Anche se la mancata restituzione del bene da parte del detentore al legittimo proprietario non realizza ex se l’ipotesi di cui all’art. 646 c.p., non essendo tale condotta in astratto idonea a modificare il rapporto tra detentore e la cosa mediante un comportamento oggettivo consistente nell’utilizzo uti dominus, tuttavia la mancata restituzione in presenza di una formale diffida rende chiara la volontà di impossessamento, il che dimostra l’interversione del possesso necessaria per configurare il reato di appropriazione indebita.

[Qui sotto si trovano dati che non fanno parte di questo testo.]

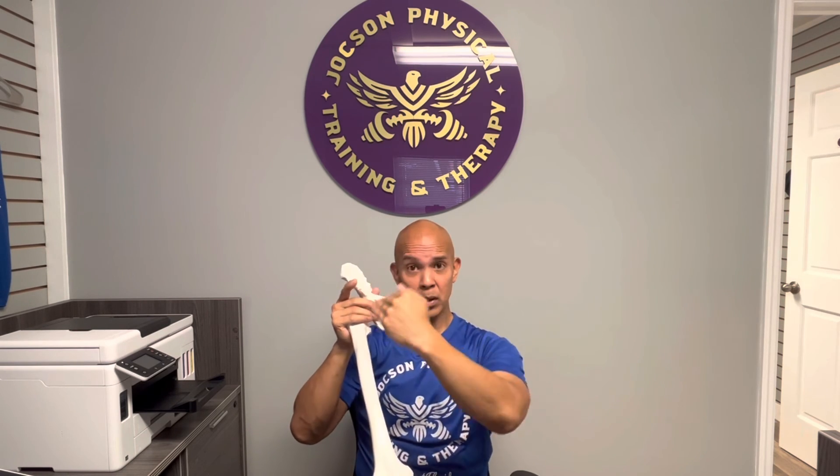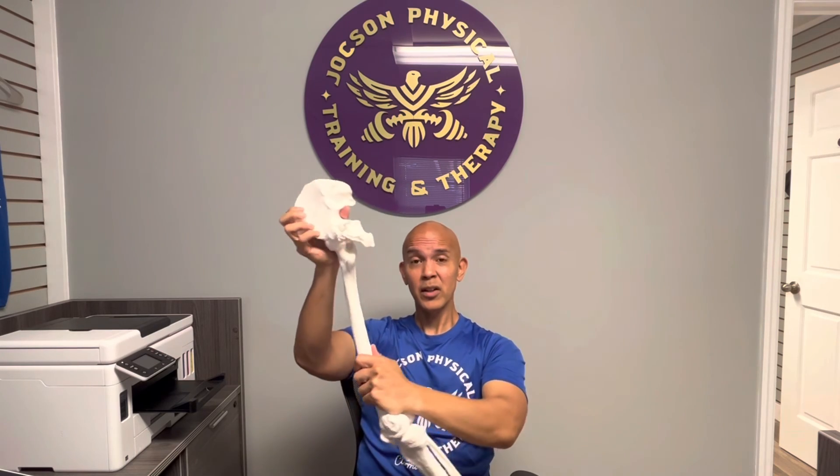The adductor magnus isn't just the groin or hip adductor muscle. Along with the other adductors, it can internally rotate, flex the hip, as well as extend the hip. Big muscles have big responsibilities — we'll go ahead and check this clip! Thank you.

Lo stabilisce la Corte di Cassazione nella sentenza n. 47411, depositata il 18 novembre 2014. Il caso. La Corte d’appello di Roma condannava l’amministratore di fatto di una società per il reato di appropriazione indebita l’accusa era di aver stipulato un accordo con un’altra azienda che prevedeva l’uso per fini pubblicitari di vario materiale, che non era mai stato restituito nonostante le diffide dell’azienda offesa. L’imputato ricorreva in Cassazione, deducendo l’illegittimo inquadramento della condotta contestata nella fattispecie di reato dell’appropriazione indebita, ex art. 646 c.p., ed il riconoscimento della qualifica di amministratore di fatto. Appropriazione indebita. La Corte di Cassazione sottolinea che, anche se la mancata restituzione del bene da parte del detentore al legittimo proprietario non realizza ex se l’ipotesi di cui all’art. 646 c.p., non essendo tale condotta in astratto idonea a modificare il rapporto tra detentore e la cosa mediante un comportamento oggettivo consistente nell’utilizzo uti dominus , tuttavia la mancata restituzione in presenza di una formale diffida rende chiara la volontà di impossessamento, il che dimostra l’interversione del possesso necessaria per configurare il reato di appropriazione indebita. Amministratore di fatto. Inoltre, i giudici di legittimità ricordano che la nozione di amministratore di fatto, ai sensi dell’art. 2639 c.c., postula l’esercizio in modo continuativo e significativo dei poteri tipici inerenti alla qualifica o alla funzione, cioè un’apprezzabile attività gestoria svolta in modo non episodico o occasionale. Di conseguenza, la prova della posizione di amministratore di fatto si traduce nell’accertamento di elementi sintomatici dell’inserimento organico del soggetto con funzioni direttive in qualsiasi fase della sequenza organizzativa, produttiva o commerciale dell’attività della società. Nel caso di specie, correttamente i giudici di merito avevano riconosciuto tale qualifica al ricorrente, valorizzando la sua gestione dei rapporti e il suo potere di contrattazione in rappresentanza della società. Per questi motivi, la Corte di Cassazione dichiara inammissibile il ricorso.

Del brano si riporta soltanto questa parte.